Six U.S. military members were killed over the weekend in a drone strike in Kuwait.
Republican Sen. Joni Ernst of Iowa acknowledged the human costs of the war in her floor speech. One of the soldiers killed Sunday was from Iowa and a National Guard unit from her state was also attacked in Syria in December, resulting in the deaths of two other soldiers.
“But now is our opportunity to bring an end to the decades of chaos,” said Ernst, who herself served as an officer in the Iowa National Guard for two decades.
“The sooner the better,” she added.
Trump has also not ruled out deploying U.S. ground troops. He has said he is hoping to end the bombing campaign within a few weeks, but his goals for the war have shifted from regime change to stopping Iran from developing nuclear capabilities to crippling its navy and missile programs.
“We should be careful about opening a door into chaos in the Middle East when we cannot see the other side of it,” Democratic Sen. Chris Coons of Delaware said in a solemn floor speech after the vote concluded.
He said he was praying for “grace to find a path forward together where more do not needlessly join those who have already fallen in this new war in the Middle East.”
The votes in Congress this week represented potentially consequential markers of just where lawmakers stand on the war as they look ahead to midterm elections and the consequences of the conflict.
“Nobody gets to hide and give the president an easy pass or an end-run around the Constitution,” said Sen. Tim Kaine, the Virginia Democrat leading the war powers resolution.
Republican leaders have successfully, though narrowly, defeated a series of war powers resolutions pertaining to several other conflicts that Trump has entered or threatened to enter. This one, however, was different.
Unlike Trump's military campaigns against alleged drug boats or even Venezuelan leader Nicolás Maduro, the attack on Iran represents an open-ended conflict that is already ricocheting across the region. Several senators who have voted for previous war powers resolutions noted that they opposed this one because it applied to a conflict that is already raging.
“Passing this resolution now would send the wrong message to Iran and to our troops,” said GOP Sen. Susan Collins of Maine. "At this juncture, providing unequivocal support to our service members is critically important, as is ongoing consultation by the administration with Congress.”

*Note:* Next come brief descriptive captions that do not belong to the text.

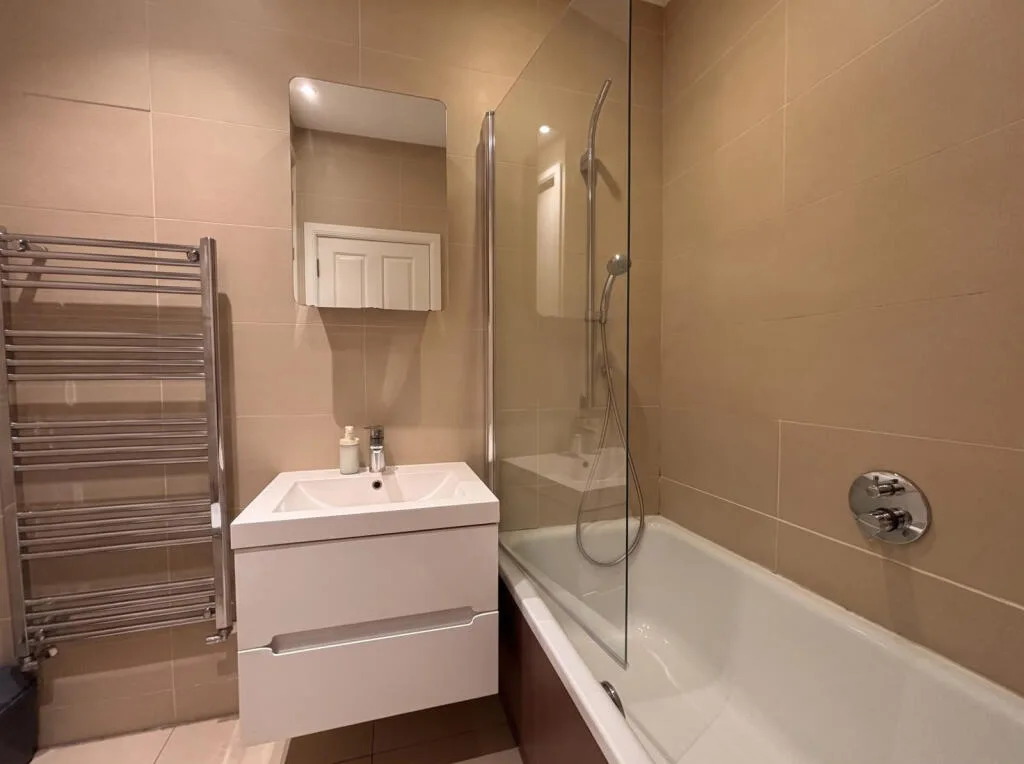 3 bedroom flat for rent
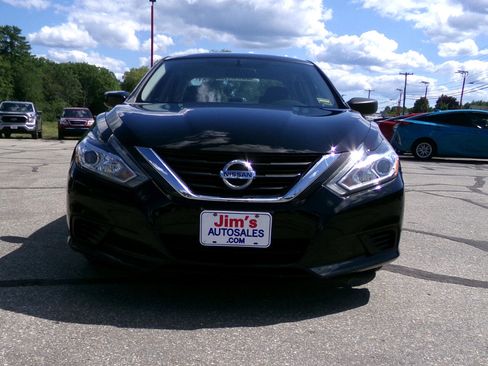 Used 2017 Nissan Altima 2.5 S image 9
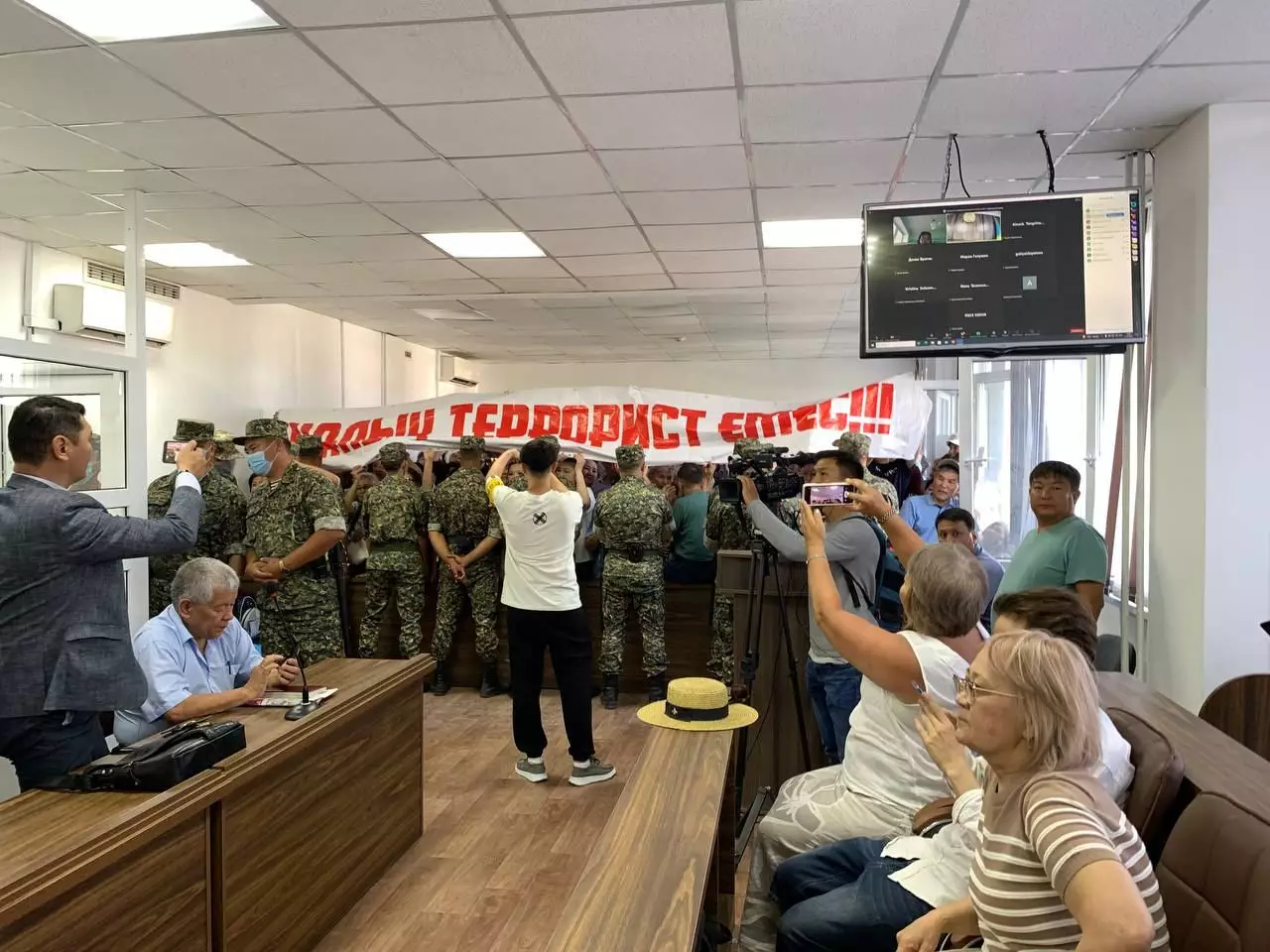 Суд признал виновными фигурантов дела о захвате аэропорта Алматы во время Кантара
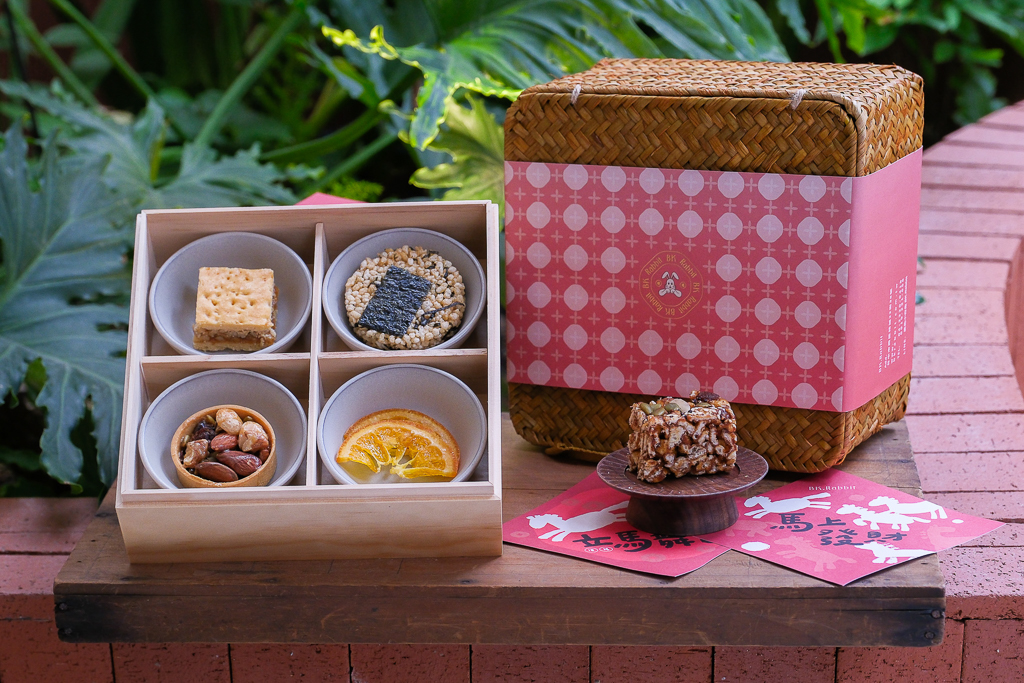 【2026台中伴手禮】BK.Rabbit 黑色小白兔．重溫童年外婆家的味道，台中2026年節禮盒推薦 @飛天璇的口袋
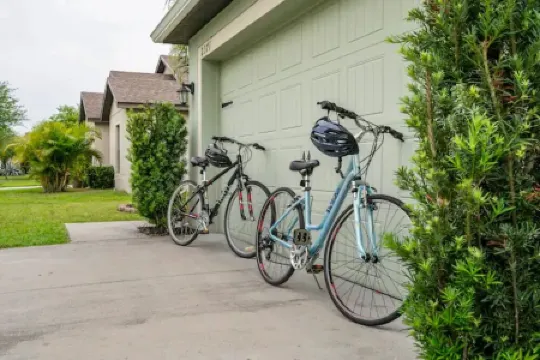 Retreat with bike access/full kitchen/Fence yard/board games/mins from Orlando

On the other side of the Capitol, an intense debate over the war unfolded before a vote Thursday. The House first debated a resolution presented by GOP leadership affirming that Iran is the world’s largest state sponsor of terrorism.
Rep. Brian Mast, the GOP chairman of the House Foreign Affairs Committee, publicly thanked Trump for taking action against Iran, saying the president is using his own constitutional authority to defend the U.S. against the “imminent threat” of Iran.
Mast, an Army veteran who worked as a bomb disposal expert in Afghanistan, said the Democratic resolution was effectively asking “that the president do nothing.”
Rep. Gregory Meeks, the top Democrat on the Foreign Affairs panel, said before the debate that the hardest votes he has taken in Congress have been to decide whether to send U.S. troops to war. “Our young men and women’s lives are on the line,” he said, his voice showing emotion as he emerged from a closed-door briefing late Tuesday with Trump officials.
At a news conference Wednesday, several Democratic members who are also veterans of the Iraq and Afghanistan wars spoke about the heavy costs of those conflicts.
One of them was Rep. Jason Crow, D-Colo. “I learned when I was fighting in Iraq and Afghanistan, that when elites in Washington bang the war drums, pound their chest, talk about the costs of war and act tough, they're not talking about them doing it, they're not talking about their kids,” Crow said. “They're talking about working class kids like us.”
Rep. Jason Crow, D-Colo., a combat veteran, joins the House Democratic leadership in demanding a congressional approval for embarking on a war with Iran, during a news conference at the Capitol in Washington, Wednesday, March 4, 2026. (AP Photo/J. Scott Applewhite)
House Minority Leader Hakeem Jeffries, D-N.Y., and other Democrats, from left, Rep. Gil Cisneros, D-Calif., Rep. Chrissy Houlahan, D-Pa., Rep. Ted Lieu, D-Calif., and Rep. Pete Aguilar, D-Calif., demand congressional approval for embarking on a war with Iran, during a news conference at the Capitol in Washington, Wednesday, March 4, 2026. (AP Photo/J. Scott Applewhite)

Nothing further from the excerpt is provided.